Warm up! As with any physical exercise try warming up first. A series of stretching exercises will loosen the joints. Work up gradually by tackling lighter jobs first which don’t require too much bending.
Choose and use your equipment carefully: If you are buying a mower, consider one with an electric starter since pulling a cord requires a jerky, twisting movement which puts a sudden strain on the back.
Long handled spades and forks are worth considering for taller people to reduce the need to bend.
Remember… sharp blades are less effort than blunt ones!
Two-wheeled wheel barrows are advisable since they are less likely to tip sideways. With all models, however, a load placed over the wheel is easiest to handle.
Dress Carefully: Avoid tight jeans since they will restrict your ability to bend your knees and hips whilst lifting.
Kneeling mats or knee pads can also help by reducing strain on these joints.

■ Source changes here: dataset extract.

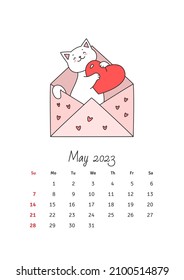Kalender Mai 2023. Kalendervorlage mit einer süßen weißen Katze in Liebe dekoriert. Vektorgrafik 10 EPS.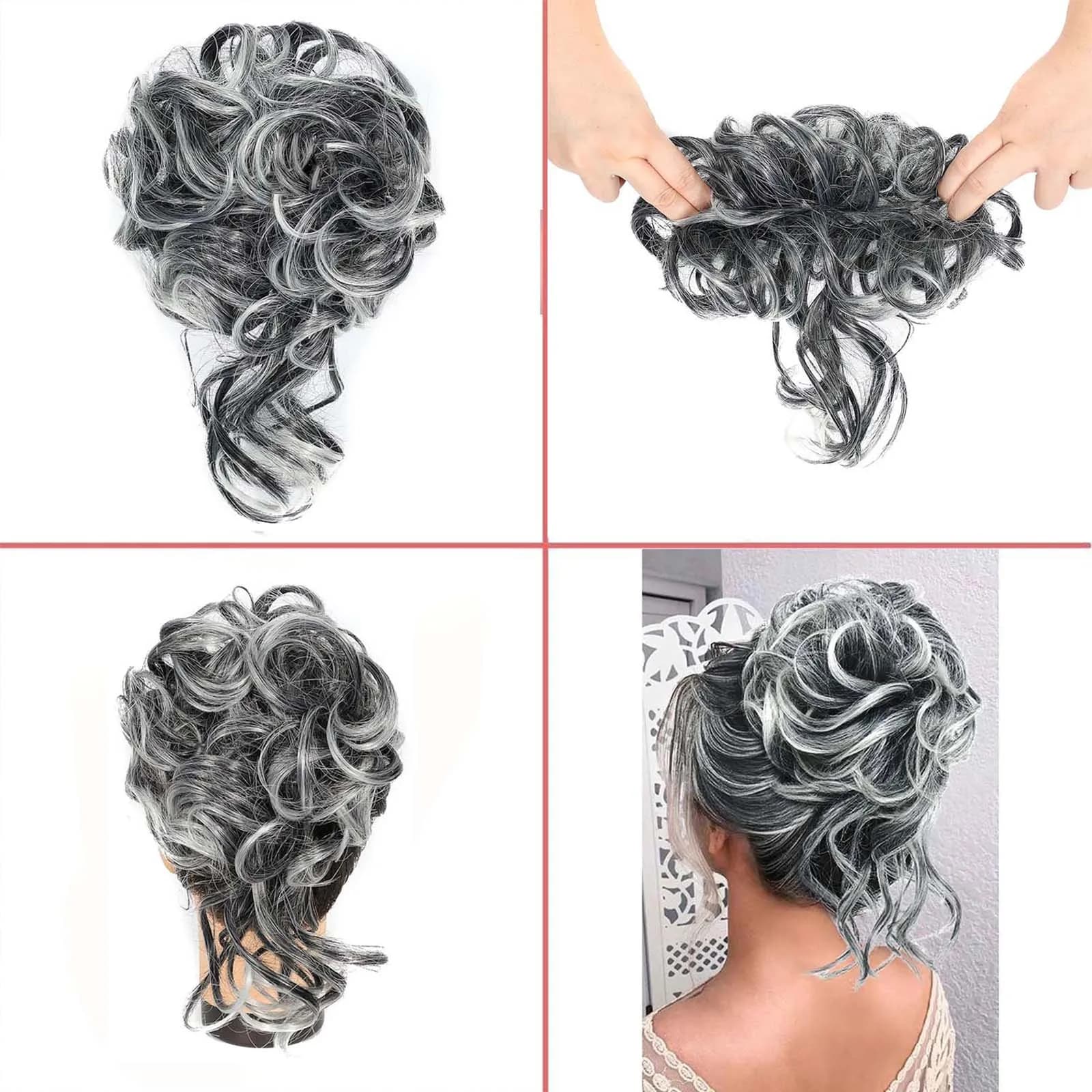 Chignon synthétique en désordre, Extension de chignons ébouriffés, bandeau élastique, pièces de chev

Wrap up well on cold days to keep your circulation going and your muscles warm. Gloves also help to grip whilst lifting.
Mind your movements: If you have to bend, don’t stoop but keep your back straight and bend the knees.
Kneeling jobs can be made easier by alternating the weight between one knee and the other, then crouching and finally kneeling on both knees.
Adopt a ‘fencing position’ when hoeing or raking – one foot in front of the other, shifting your weight from the back to the front.
As a general rule, use smooth, controlled movements rather than jerky ones.
If you do feel pain at any time then the golden rule is STOP. Pain is a vital warning sign and should not be ignored. Avoid the temptation to do ‘just that little bit more’.
Warm Down: At the end of your session, admire you blooming handiwork, then run through your warm up routine. Have a hot bath or shower to relax the muscles. An ice pack applied to any pulls or strains will often be soothing. If your pain persists after a few days, you may have caused a significant injury and you should consider getting the appropriate diagnosis and treatment. This is where a visit to the osteopath can greatly help the gardener.